Aunque en algunos momentos y ante algunas circunstancias perdamos la fe en el ser humano, lo cierto es que vivimos rodeados de maravillosos gestos de donación personal. Es cierto que solemos crecernos solidariamente ante las adversidades, y esas situaciones que nos descolocan existencialmente sacan lo mejor de nosotros mismos y nos ayudan a descubrir la bondad, en medio de la miseria que parece apoderarse de nuestras relaciones. No consiste en ese difícil arte de ver el vaso medio lleno o medio vacío, las percepciones son siempre traicioneras, porque manejan nuestro juicio al antojo de nuestras emociones.
Desde que el filósofo positivista Comte definiera a mediados del siglo XIX el altruismo, aceptando que los únicos actos éticamente aceptables son los que buscan promover la felicidad de otras personas, son muchos los que han querido comprender aquello que nos mueve a perder el propio interés por el bien superior. La tesis de Comte, sin entrar en el debate sobre si es un exceso ético considerar estos actos como los únicos moralmente aceptables, generó dos tipos de posiciones, la de quienes se mantuvieron desde el positivismo en la búsqueda e identificación de las actuaciones altruistas puras, y la del existencialismo, que sin negar la donación defiende que el altruismo puro no existe ya que, incluso aquel que se da por entero por el bien de los demás, busca una mejora del mundo y de las relaciones que, en definitiva, también le benefician personalmente, en lo que podríamos llamar un altruismo egoísta.
Quererse a uno mismo, cuidarse, conocerse, construir buenos principios personales, es un necesario comienzo para poder querer y cuidar a los otros. Pero ya sabemos lo difícil que es salir de ahí. Del subjetivismo de Kierkegaard, cuando defiende que lo personal es lo real, se extraen conclusiones que solo aumentan el presente hiperindividualismo, adornado con una idea de solidaridad que se estremece ante el sufrimiento de otras personas. Somos capaces de defender el cuidado de la naturaleza, incluso de ayudar económicamente o dar parte de nuestro tiempo, pero volvemos después al reducto de realidad de sí mismo, como único espacio de integración y salvación.

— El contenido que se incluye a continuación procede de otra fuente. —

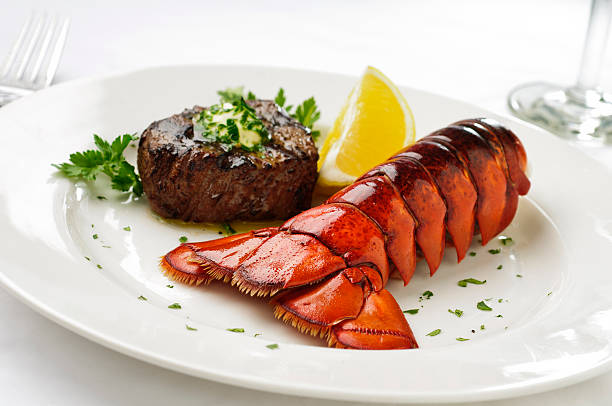 mare e monti - lobster steak lobster tail main course foto e immagini stock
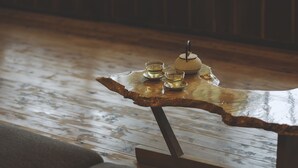 Uma mesa de madeira com tampo de vidro, uma tigela pequena e dois copos.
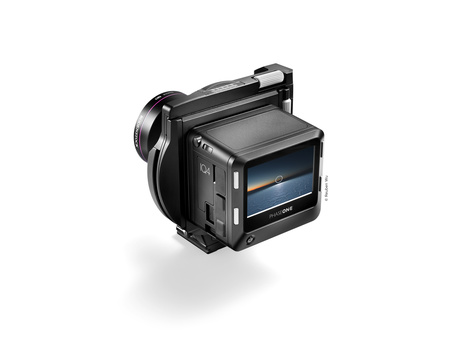 Professional compact video camera with articulating screen and external microphone mounted on top.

Ser para los demás parece quedar para unos pocos. El regalo del propio tiempo, la donación de las debilidades y de las seguridades personales, la negación de los invernaderos de sentido para afirmar que la única realidad posible es la compartida, y la única vida que merece la pena vivir es la que se expande hacia los otros, no siempre son comprendidos como fortaleza de la inteligencia. Si confundimos la donación con la solidaridad no saldremos de la órbita que nos devuelve a nosotros mismos, tras pasar un tiempo compartiendo otras realidades pero regresando a los refugios en los que descansamos de la erosión provocada por nuestra entrega.
Pero es este desgaste el que nos reconcilia con la condición humana, negarnos al hombre lobo para el hombre de Hobbes, para comprometernos en los pequeños actos de donación personal que se convierten en principios éticos y nos salvan de la salvaje destrucción. Arquímedes pidió un punto de apoyo para mover el mundo, otros han pedido personas buenas y honestas para cambiarlo, pero ni el movimiento ni el cambio se producirán por la simple motivación. La donación de uno mismo comienza en el momento en que dejamos de sentirnos amenazados por la presencia del otro, se expande cuando arriesgamos a cambiar nuestro punto de equilibrio, desplazándolo al bien y la felicidad ajenos, se perfecciona al alcanzar un punto de no retorno en el que dejamos de buscar las propias metas y apreciamos la vida en sí, sin posesivos, en su amplitud de sentido.
La poeta Sylvia Plath pide con estos versos desesperados el aprendizaje para salir de sí misma:
Que me haga fuerte, con la fortaleza del sueño reparador,
la fortaleza de la inteligencia, el hueso y el músculo;
que aprenda, gracias a esta desesperación,
a salir de mí: a saber dónde y a quién dar.
Plath nos da una pista imprescindible para esta donación de uno mismo, saber dónde y a quién dar. Es una invitación a encontrar ese momento único en el que dejar el propio centro, a abandonar la órbita de nuestras limitadas ayudas y habitar el espacio común que salva de las rutinas y los personalismos. Una llamada a descentrarse, para mirar con perspectiva el mundo y su complejidad. La donación de uno mismo se realiza siempre y donde hay amor, encuentro, perdón, amabilidad y acogida del don del otro, por tanto tiene una dimensión universal, no restrictiva. Que nadie tenga dudas de que este es el camino más corto para ser perseguido y condenado, porque nadie, ni religiones, ni organizaciones sociales, ni cualquier otro tipo de grupo toleran por mucho tiempo a quienes se entregan a esta donación ilimitada. No lo pueden hacer, porque pronto descubren que esa donación de sí mismos les hace profundamente libres. Y nada hay más peligroso que la libertad.